Monad . Haskell

Haskell class

-- definition
class Monad m where
   return :: a -> m a
   (>>=)  :: m a -> (a -> m b) -> m b
-- utility functions
   (>=>)  :: (a -> m b) -> (b -> m c) -> (a -> m c)
   (f >=> g) a = f a >>= g
   fmap   :: (a -> b) -> m a -> m b
   fmap f ma =  ma >>= (return . f)
   join   ::  m (m a) ->  m a
   join mma = mma >>= id
   (>>)   :: m a -> m b -> m b
   ma >> mb = ma >>= (const mb)
m »= return $\ \leftrightsquigarrow\ $ m
return x »= f $\ \leftrightsquigarrow\ $ f x
(m »= f) »= g $\ \leftrightsquigarrow\ $ m »= (\x → f x »= g)


The laws can be viewed as right unit, left unit and associativity.

The operation »= is also called 'bind'. Its type is somewhat ugly, especially because of a→m b. But instantiating a monad by implementing 'bind' is more concise than defining 'fmap' and 'join', which is what mathematicians usually do.


A term 'f x y' can be viewed as an x-indexed family of functions 'f x', evaluated at y. For fixed x, we're going to use 'f x' as second argument for the bind operation 'my »=', where 'my' might also depend on x, and then lambda abstract the x outside. The resulting function can be used argument for a second bind 'mx »='. The resulting body

 mx >>= \x-> (my >>= \y -> f x y) 

can be viewed as a function 'f :: a → b → m c', which has been passed two monadic values 'mx :: m a', 'mx :: m a'. Haskell has the following syntactic sugar for this expression

 do {x <- mx; y <- my; f x y} 

and one easily extends this to any number of arguments 'do {x ← mx; y ← my; z ←mz …'.

A 'do' block is of course still a single expression.

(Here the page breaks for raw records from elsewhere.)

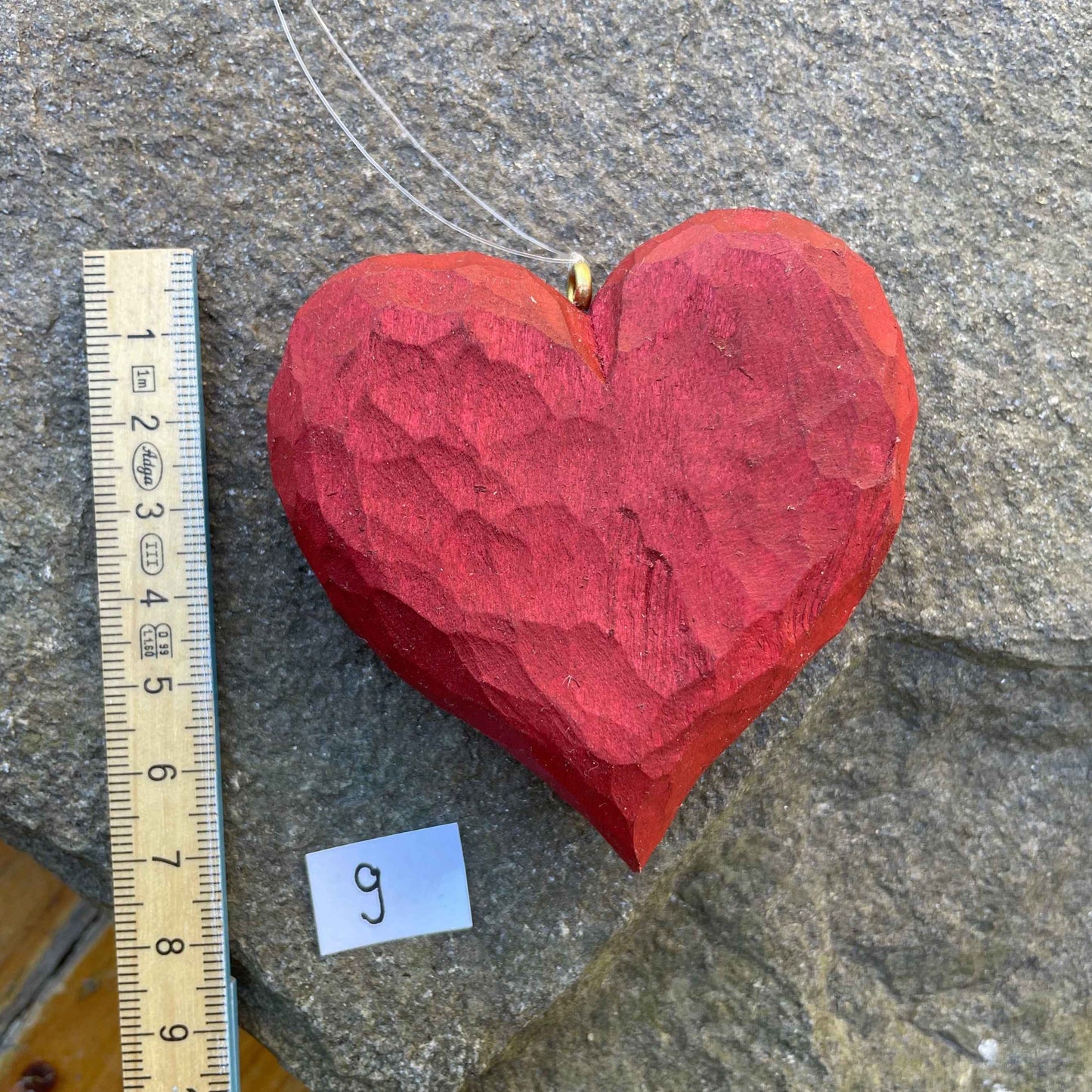 Nr.9 - Volles Herz, Dunkelrot und gewachst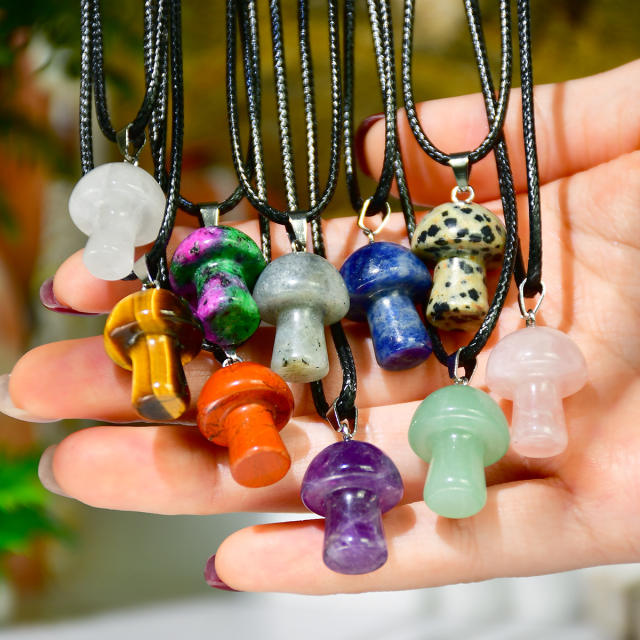 2025 Spring Design Natural Stone Mushroom Pendant Necklace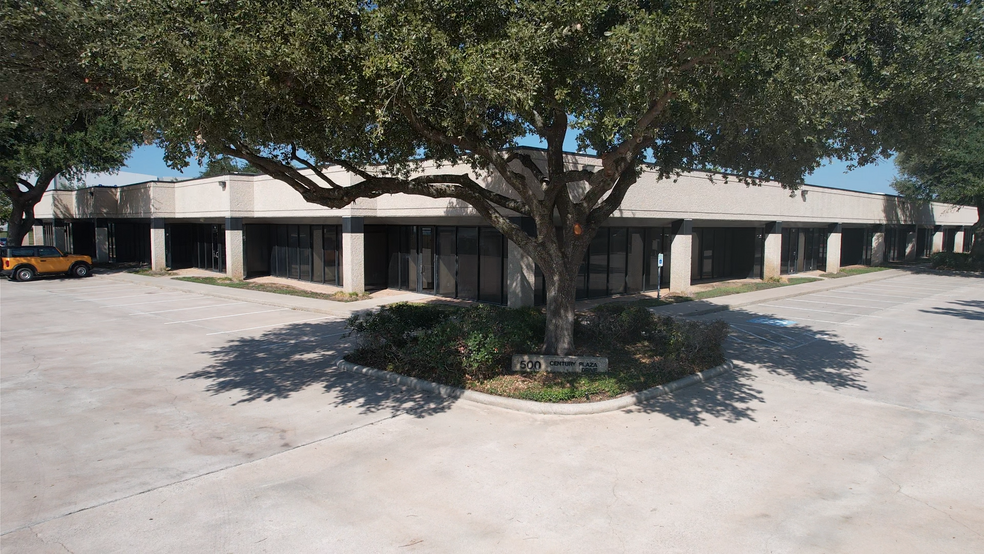 500 Century Plaza Dr, Houston, TX for rent - Building Photo - Image 1 of 7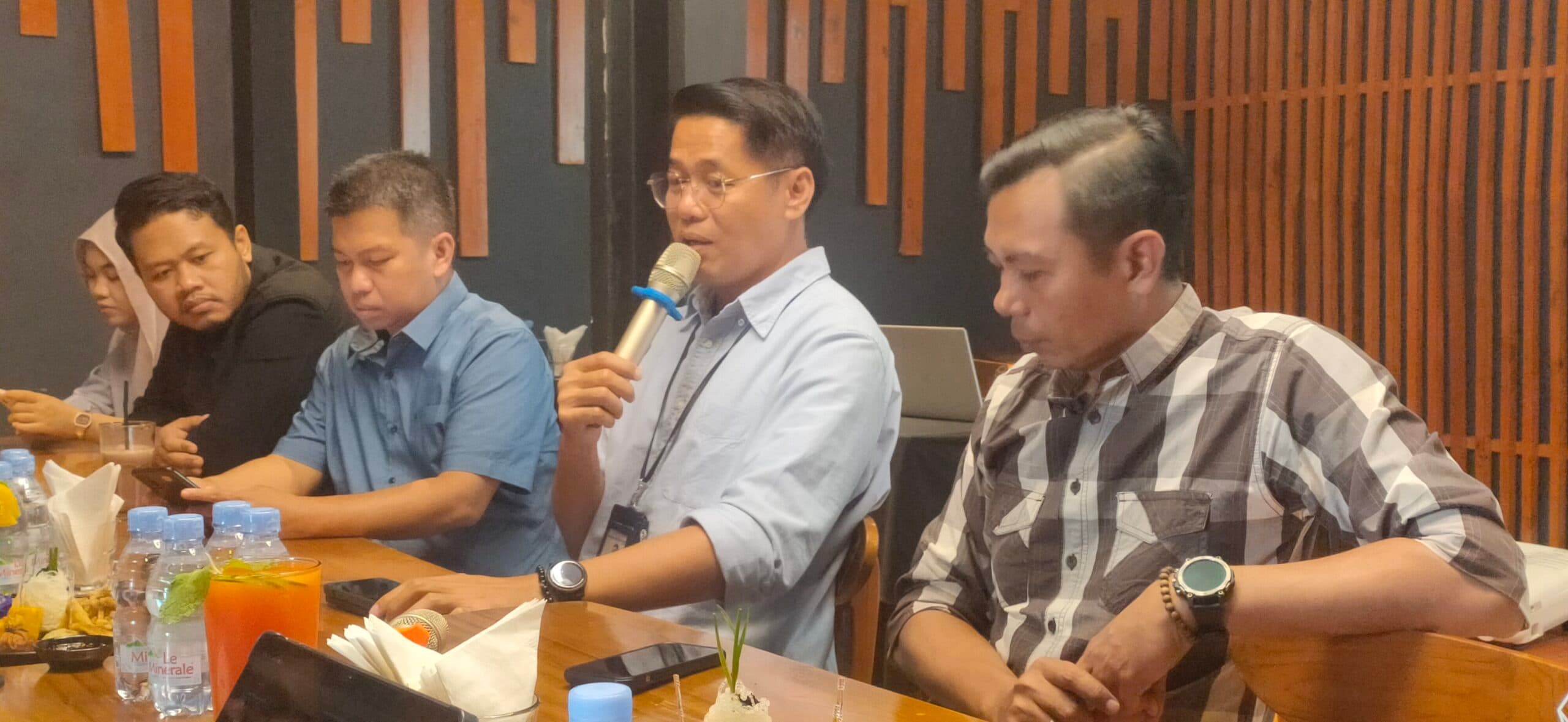 g-703620251125183802762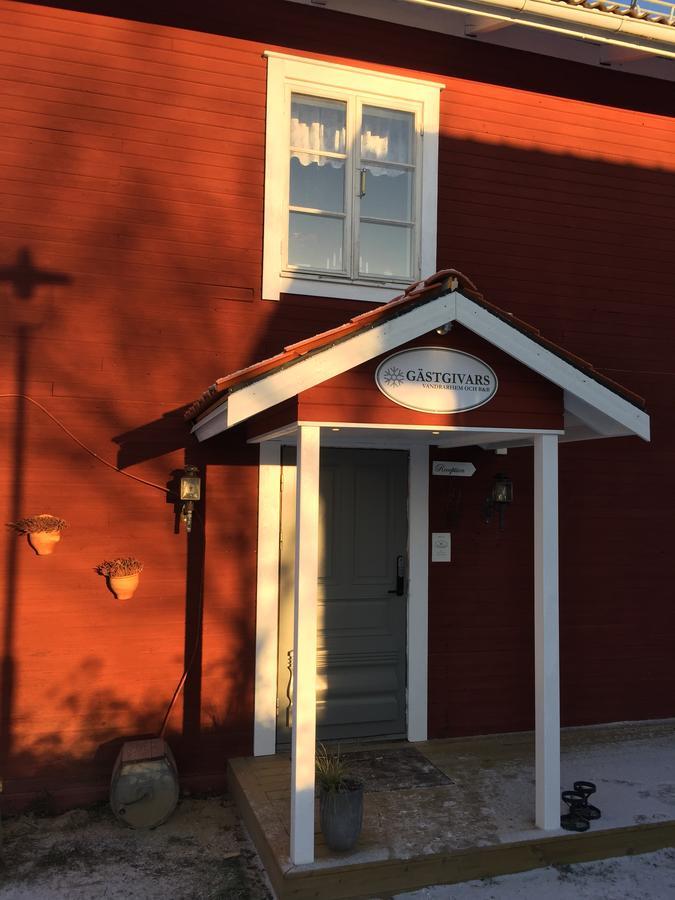 Gaestgivars Vandrarhem Och B&B Jarvso Bagian luar foto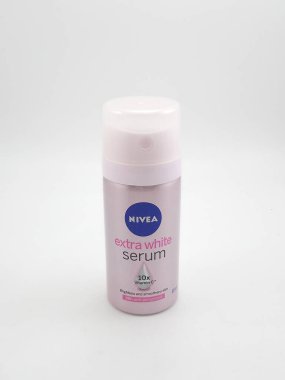 MANILA, PH - OCT 6 - Nivea 6 Ekim 2020 tarihinde Manila, Filipinler 'de fazladan beyaz serum deodorantı.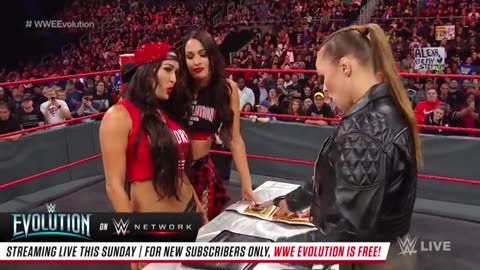 Ronda Rousey & Nikki Bella come face-to-face for Women's Title Contract Signing: Raw, jun. 22, 2024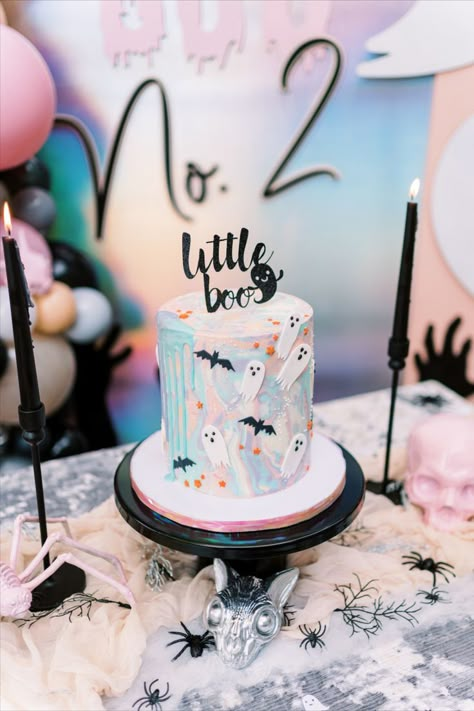 Halloween Themed Baby Shower Cake | #wedding #floralwedding #weddingdesign | wedding flowers, flowers for wedding, floral wedding, flower arrangements, floral centerpieces, floral decor , event floral design, summer wedding, summer wedding reception, wedding things,romantic wedding, 2022 wedding, wedding trends, wedding style, bridal style, wedding planners, 2023 wedding, wedding arch, bridgerton aesthetic, romantic wedding decor, wedding reception, party Halloween Themed Baby Shower Cake, Halloween Shower Ideas, Unique Gender Reveal Party Ideas, Baby Shower Sheet Cakes, Planners 2023, Jordan Baby Shower, October Baby Showers, Cake Halloween, Halloween Gender Reveal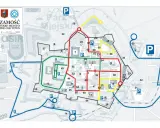 Mapa Zamościa z zaznaczonymi trasami spacerowymi i parkingami. Kolorowe linie wskazują różne ścieżki zwiedzania.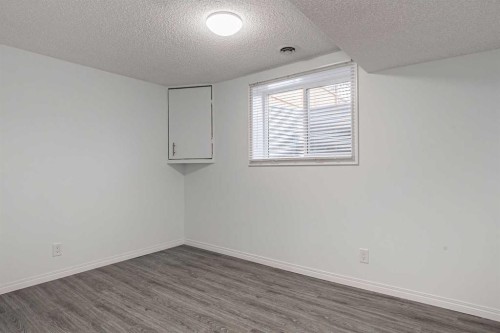 4712 Vegas Road Nw, Calgary, AB - Indoor Photo Showing Other Room
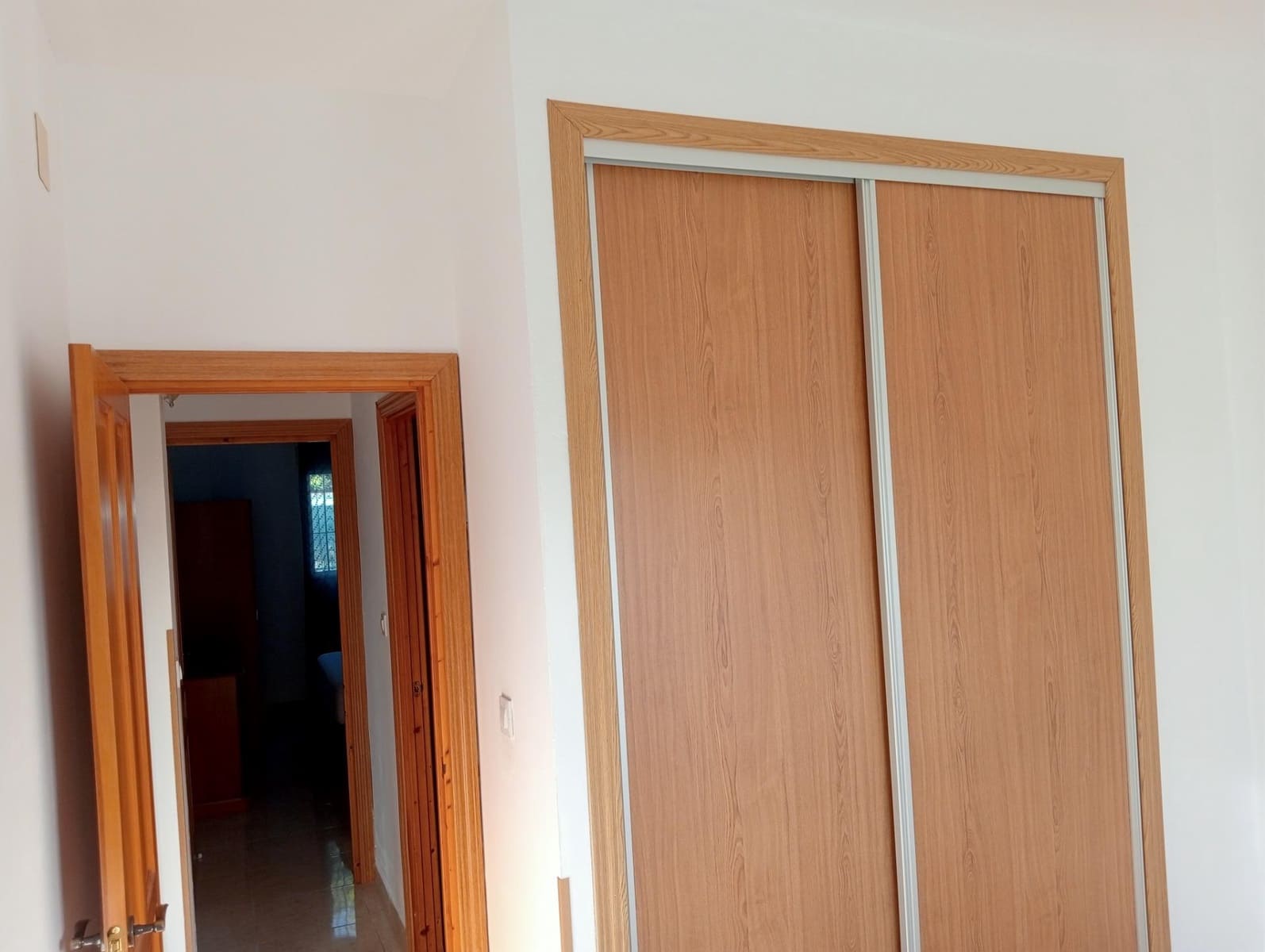 2 sovrum Radhus att hyra i Bollullos de la Mitacion med garage - 700 € (Ref: 10166776)
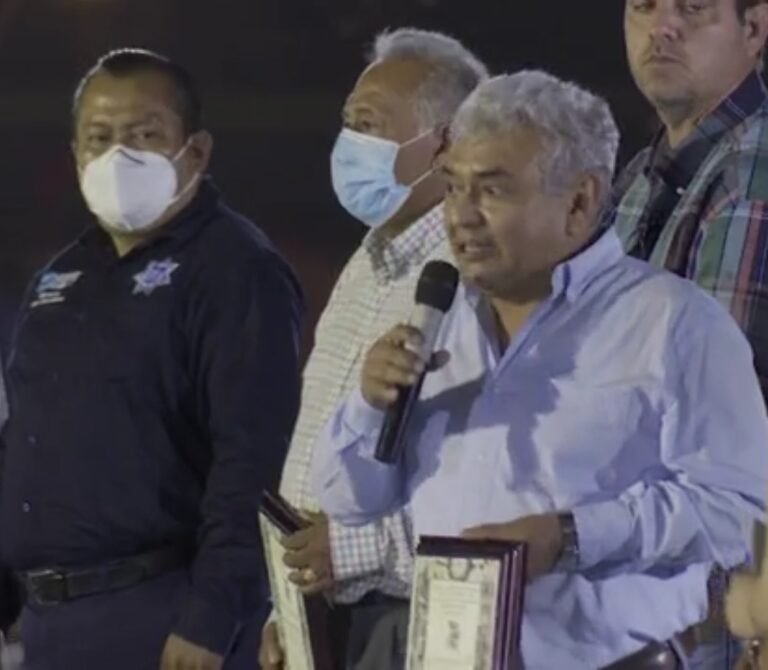 Por apoyar y promover la cultura entregan reconocimiento al alcalde de Tantoyuca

One might say that the procedural aspect of it is that eta/beta-reduction of the inner expression possibly include reductions of the outer ones - there is a smart and a stupid way to compute 'do { x ← return (2^2-4); y ← return (x*(x+1)^7); return (x+y) }'.

List comprehension

For the time being, this example is instructive

 [1,2] >>= (\ x -> [2,3] >>= (\y -> return (x/=y) >>= (\r -> (case r of True -> return (x,y); _ -> [])))) 


 do x <- [1,2]; y <- [2,3]; r <- return (x/=y); (case r of True -> return (x,y); _ -> []) 


 [(x,y) | x <- [1,2], y <- [2,3], x/=y] 

Here is what makes the use of predicates possible: Note that 'join [ [1,2],[],[3],[] ]' is '[1,2,3]' and this is part of the working of the list monads »=. Since for x=2, y=2, the Bool 'x/=y' isn't 'True', the value '[]' is returned and consequently dropped from the resulting list.


Example: The List monad

The list-functors $\text{fmap}$ maps functions $f :: a \to b$ to functions $T(f)$ defined by concatenation with Haskells $\text{map}$ function, i.e. $\text{fmap}\ f\ xs\ =\ [\ f\ a\ |\ a \leftarrow xs\ ]$, e.g. $\text{map}\ (x\mapsto x^2)\ [2,3,4]$ evaluates to $[4,9,16]$. $\text{return}$ then maps terms $x$ of type $a$ to terms $[x]$ (list with one member) of type $[a]$. $\text{join}$ is flatten, e.g. $\text{join}$ applied to the list of lists $[[7,9,3],[2],[5,10]]$ evaluates to $[7,9,3,2,5,10]$.

Now what the functor construction does for you is generating infinite depth (lists of lists of lists of…) and once you’ve proven your system monadic, you know that your arrows are structural throughout the system: E.g. let $f :: \text{Int}\to\text{Char}$, then

  • $\text{map}\ f\ (\text{return}\ 3)$ is $\text{map}\ f\ [3]$ is $[f\ 3]$.
  • $\text{return}\ (f\ 3)$ is $[f\ 3]$ as well.


  • $\text{map}\ f\ (\text{join}\ [[7,3],[2]])$ is $\text{map}\ f\ [7,3,2]$ is $[f\ 7,f\ 3,f\ 2]$.
  • $\text{join}\ (\text{map}\ (\text{map}\ f)\ [[7,3],[2]])$ is $\text{join}\ [(\text{map}\ f)\ [7,3],(\text{map}\ f)\ [2]]$ is $\text{join}\ [[f\ 7,f\ 3],[f\ 2]]$ is $[f\ 7,f\ 3,f\ 2]$ as well.
Example: The Maybe monad

Types $a$ get mapped to $\text{Maybe}\ a$. For each type $a$, the type $\text{Maybe}\ a$ contains a copy of all of $a$'s terms $x,y,\dots$, there written $\text{Just}\ x,\text{Just}\ y,\dots$, plus an additional term called $\text{Nothing}$. I.e. the maybe functor effectively adds an „exception“ term to all types of $\text{Hask}$. If $f:: a\to b$ and $x::a$, then the arrow image of the functor on $f$ is just the function which maps $\text{Just}\ x$ to $\text{Just}\ f(x)$ and

Return maps $x$ in $a$ to $\text{Just}\ x$ in $\text{Maybe}\ a$ and join maps $\text{Just}\ (\text{Just}\ x)$ to $\text{Just}\ x$ and in particular, $\text{Just}\ \text{Nothing}$ to $\text{Nothing}$.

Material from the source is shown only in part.